The theme repeats across much of my diet. I know what's bad for me, yet I eat it anyway. Even attempts at healthy eating are scuttled by too much junk sneaking its way into my meals. A nice salad is healthy... until it's doused with four tablespoons of dressing. Lean meat is okay... but the quantity I consume keeps increasing.
That's not to say I try to eat healthy all the time. Many meals come from restaurants, where the primary goals are to supply flavor and quantity, not health. I could go into how many calories there are in a meal at McDonalds, but what's the point? We all know how bad it is.
And we eat it anyway.
For me, there's a collection of reasons why I continue to eat poorly. I was raised with certain eating habits, and knowing that some of them are not good doesn't make the training go away. (I'm like Pavlov's dog, drooling for burgers and fries when hunger rings its bell.) Even looking at food options with greater knowledge in the present doesn't prevent pleasure, convenience, and stress from all playing a role eating what I want instead of what I need.

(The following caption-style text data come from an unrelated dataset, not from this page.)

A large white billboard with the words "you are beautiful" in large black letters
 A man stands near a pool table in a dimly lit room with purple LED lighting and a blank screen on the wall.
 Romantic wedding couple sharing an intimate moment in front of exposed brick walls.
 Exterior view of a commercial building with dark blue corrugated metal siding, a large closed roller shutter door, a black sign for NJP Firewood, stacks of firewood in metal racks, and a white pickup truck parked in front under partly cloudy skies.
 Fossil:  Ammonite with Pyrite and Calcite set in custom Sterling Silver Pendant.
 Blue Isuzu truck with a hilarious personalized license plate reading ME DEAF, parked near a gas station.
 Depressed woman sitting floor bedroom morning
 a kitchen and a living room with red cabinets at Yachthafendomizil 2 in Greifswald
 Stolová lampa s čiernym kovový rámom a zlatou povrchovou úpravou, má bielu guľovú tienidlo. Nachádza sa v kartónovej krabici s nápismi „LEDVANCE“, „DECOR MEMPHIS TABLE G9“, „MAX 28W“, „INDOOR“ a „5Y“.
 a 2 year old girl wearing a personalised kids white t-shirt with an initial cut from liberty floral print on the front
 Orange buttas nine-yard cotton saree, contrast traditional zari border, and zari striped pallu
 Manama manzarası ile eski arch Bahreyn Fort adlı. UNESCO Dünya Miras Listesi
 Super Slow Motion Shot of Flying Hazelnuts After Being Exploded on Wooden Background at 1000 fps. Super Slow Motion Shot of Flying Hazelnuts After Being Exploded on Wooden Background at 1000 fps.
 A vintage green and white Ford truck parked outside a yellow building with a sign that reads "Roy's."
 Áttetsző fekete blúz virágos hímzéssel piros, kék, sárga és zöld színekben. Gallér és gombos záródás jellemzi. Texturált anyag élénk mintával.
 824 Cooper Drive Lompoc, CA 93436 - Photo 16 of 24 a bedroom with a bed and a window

I'm a bad food addict, and it's getting worse over time. If I don't change this, I'm going to have serious health problems in the future. This isn't the first time I've admitted this to myself. Yet, even when such an admission has led to positive progress, I end up back-sliding into the bad stuff.
So it's time to reboot.
My wife and I are going to try the "Eat to Live" plan, a very intensive vegan diet. The initial phase of the plan is six weeks, and when we reach that point, we'll figure out what to do next.
For me, the goal is simple. I've become accustomed to so much meat, fat, salt, and sugar that I need a break from them to be able to allow them back into my diet in reasonable amount. To achieve this, I'm going to shortchange the pleasure aspect of food for a while. And before you try to tell me that cutting out numerous things from my diet will someone increase pleasure via some amazing recipes, I'll point out that if the most flavorful way to prepare something is also healthy, that's how we'd do it already.
This is not to say that there's no way to have flavorful, healthy food, but I've always found that one of the biggest problems for me is having a healthy recipe that aims to duplicate something else. Invariably, I always want the something else.
So for the next six weeks, my mindset is that food is fuel, and I want to ingest the best fuel possible (a big topic of debate which I'll talk about another day). I know that in the beginning I'll still want all the bad stuff, but after enough healthy meals, my body may reboot. That's the hope, the goal, and the plan. So let's get started and see what happens.